Member of the Legislative Assembly of Quebec for Charlevoix
- In office 1871–1875
- Preceded by: Léon-Charles Clément
- Succeeded by: Onésime Gauthier

Personal details
- Born: May 20, 1810 Baie-Saint-Paul, Lower Canada
- Died: August 28, 1885 (aged 75) Baie-Saint-Paul, Quebec
- Party: Liberal

= Adolphe Gagnon =

Canadian politician

Adolphe Gagnon (May 20, 1810 - August 28, 1885) was a merchant and political figure in Quebec. He represented Charlevoix in the Legislative Assembly of the Province of Canada from 1861 to 1866 and in the Legislative Assembly of Quebec from 1871 to 1875 as a Liberal member.

He was born in Baie-Saint-Paul, Quebec, the son of Louis-Joseph Gagnon and Marguerite Durette, (a.k.a. Marguerite Durette dit Rochefort). Gagnon was a justice of the peace and a lieutenant in the militia for Charlevoix County. He served as mayor of the parish of Saint-Pierre-et-Saint-Paul from 1845 to 1857 and as county warden.
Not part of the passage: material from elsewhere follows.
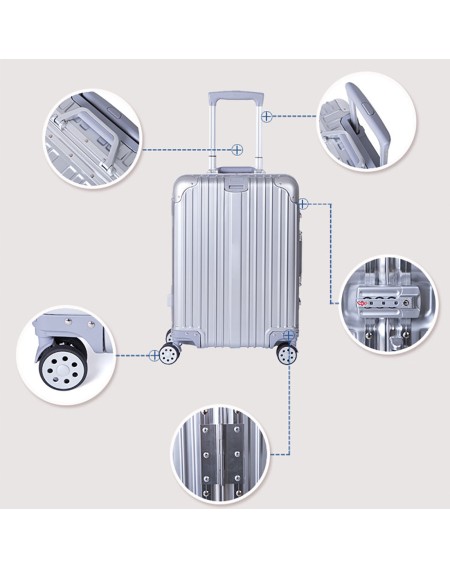 SWISSGEAR Aluminum Alloy Trolley Case 20 inch SA-8520 Silver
Gagnon was married twice: to Ursule Garneau in 1833 and to Adelphine Huot in 1855. He was an unsuccessful candidate for a seat in the Legislative Council in 1856 and 1857. In 1867, he ran unsuccessfully for a seat in the Canadian House of Commons. Gagnon died in the parish of Saint-Pierre-et-Saint-Paul at the age of 75.

His daughter Justine married Henry Simard who later served in the House of Commons.